How to get one min-cut after executing push-relabel:

  1. Find a number $x \in \mathbb{N}: 0 < x < |V|$
  2. $S := \{v \in V | dist(v) > x\}$ and $V \setminus S = \{v \in V | dist(v) < x\}$
  3. There is no edge $(u,v)$ with $u \in S, v \in V \setminus S$ in the residual network.
  4. $(S, V \setminus S)$ is a min-cut.

Proof of correctness:

  1. Such a number $x$ exists, because you have $|V|$ nodes that can have labels, $s$ has the label $|V|$, $t$ has the label $0$. So you have $|V|-1$ possible numbers for $x$ and only $|V|-2$ nodes that can have labels.
  2. This is a valid partition of $V$, as no node has label $x$.
  3. If there was an edge $(u,v)$ with $u \in S, v \in V \setminus S$ in the residual network it would have to be ...

    1. $dist(u) \geq dist(v) + 2$ as we defined $S$ like this: $\begin{align} & dist(u) > x \land x > dist(v) \\ \Rightarrow & dist(u) - 1 \geq x \land x \geq dist(v) + 1\\ \Rightarrow & dist(u) \geq dist(v) + 2 \end{align}$)
    2. For every edge in the residual network you can say: $dist(u) \leq dist(v) +1$

    $\Rightarrow 2 \leq 1 \Rightarrow $ Error $\Rightarrow$ there is no edge between $S$ and $V \setminus S$ in the residual network

  4. As there is no free capacity in the residual network between the sets $S$ and $V \setminus S$, the value of the min cut is the max flow. According to max-flow min-cut theorem $(S, V \setminus S)$ is a min-cut.

So the given algorithm can find at least one min-cut quite fast after push-relabel was executed.
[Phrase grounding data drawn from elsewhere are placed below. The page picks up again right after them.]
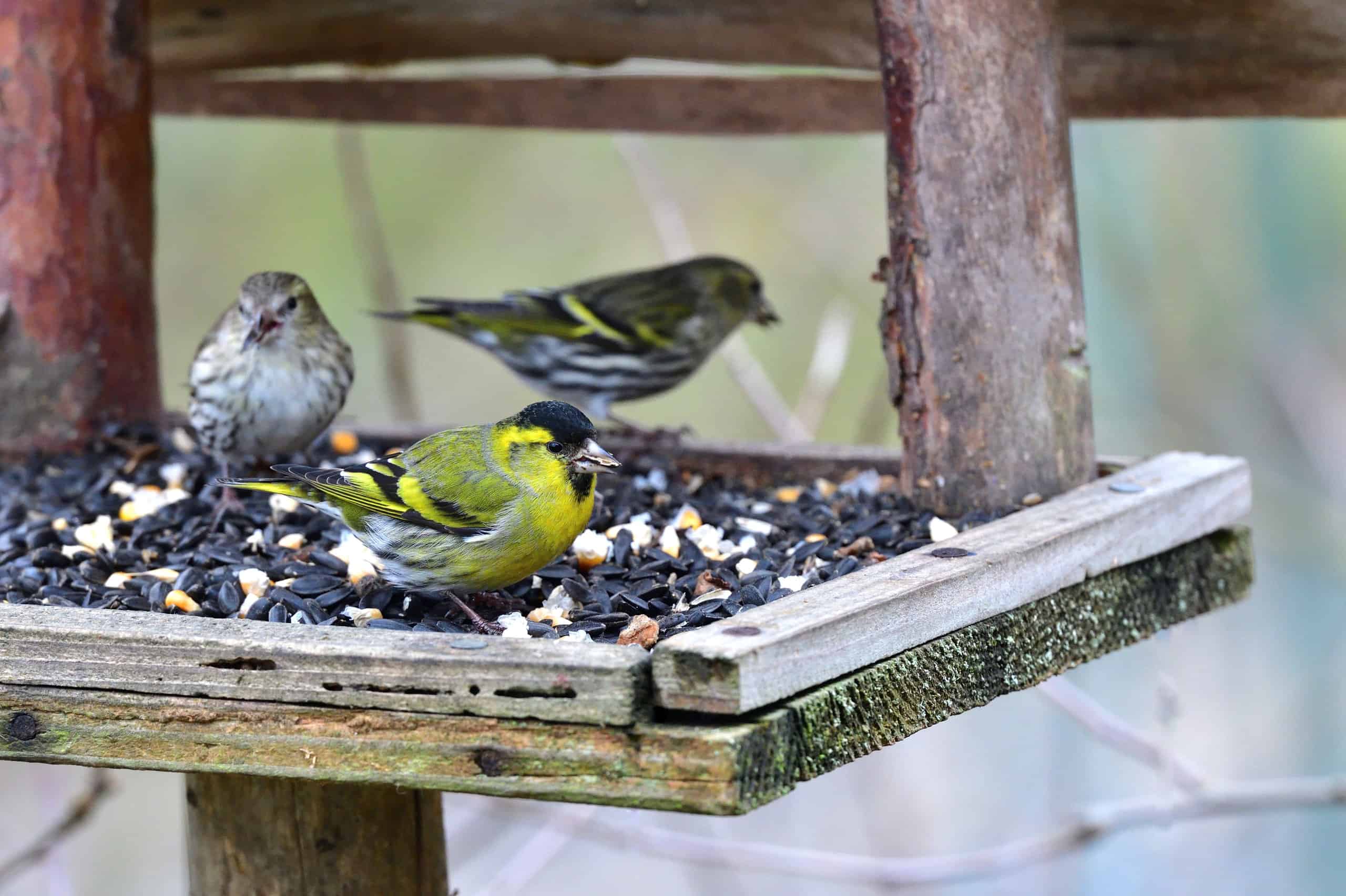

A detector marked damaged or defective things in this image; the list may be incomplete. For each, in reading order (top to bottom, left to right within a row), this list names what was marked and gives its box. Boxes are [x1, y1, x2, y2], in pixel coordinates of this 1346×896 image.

rusty metal post [0, 2, 157, 454]
rusty metal post [872, 0, 1093, 514]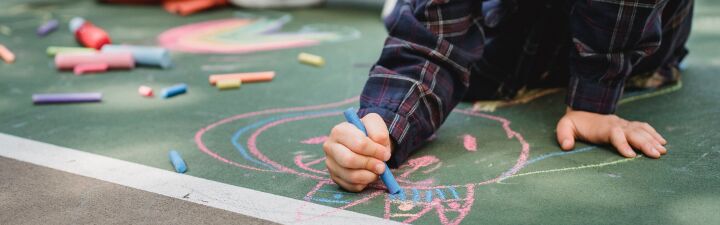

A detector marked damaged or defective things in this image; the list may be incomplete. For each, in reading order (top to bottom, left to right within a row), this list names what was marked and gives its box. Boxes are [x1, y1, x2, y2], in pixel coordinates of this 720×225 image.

broken chalk piece [36, 19, 59, 36]
broken chalk piece [160, 83, 187, 99]
broken chalk piece [169, 150, 187, 173]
As $x$ can have more values (the labels of some nodes might be the same and they can go up to $2|V|-1$ as far as I know), you can also find more than one min-cut.

My question:

Do I find all min-cuts this way?

  • $\begingroup$ I would be interested in such algorithm of enumerating all cuts too ! $\endgroup$
    – alena
    May 5, 2015 at 15:18
  • $\begingroup$ Can you elaborate on the complexity of that algorithm? $\endgroup$
    – Roy
    Sep 29, 2020 at 19:02
  • $\begingroup$ Please edit the post to clarify what you mean by "Do I find all min-cuts this way?". Are you asking whether, for any flow network, and any min-cut (S, T) in the flow network, there is some execution of the algorithm that finds (S, T) in this way? Or, say, whether after a single execution of the algorithm, every min cut (S, T) can be found this way (for some x)? $\endgroup$
    – Neal Young
    Sep 30, 2020 at 14:59

1 Answer 1


I assume that your question is "Do I find all min s-t-cuts this way?"

I believe the answer is no. Note that there may be an exponential number of minimum s-t-cuts (connect vertex s to vertices {1,2,3, ...,n} and then each of these are connected to vertex t -- then there are 2^n min-s-t-cuts).

The way that I know for sure to enumerate all min-s-t-cuts is to recursively enumerate all directed cuts in the residual graph after the contraction of all strongly connected components. This algorithm can produce each cut in linear time per cut. If you need a detailed description of the enumeration algorithm I can provide to you the pseudocode.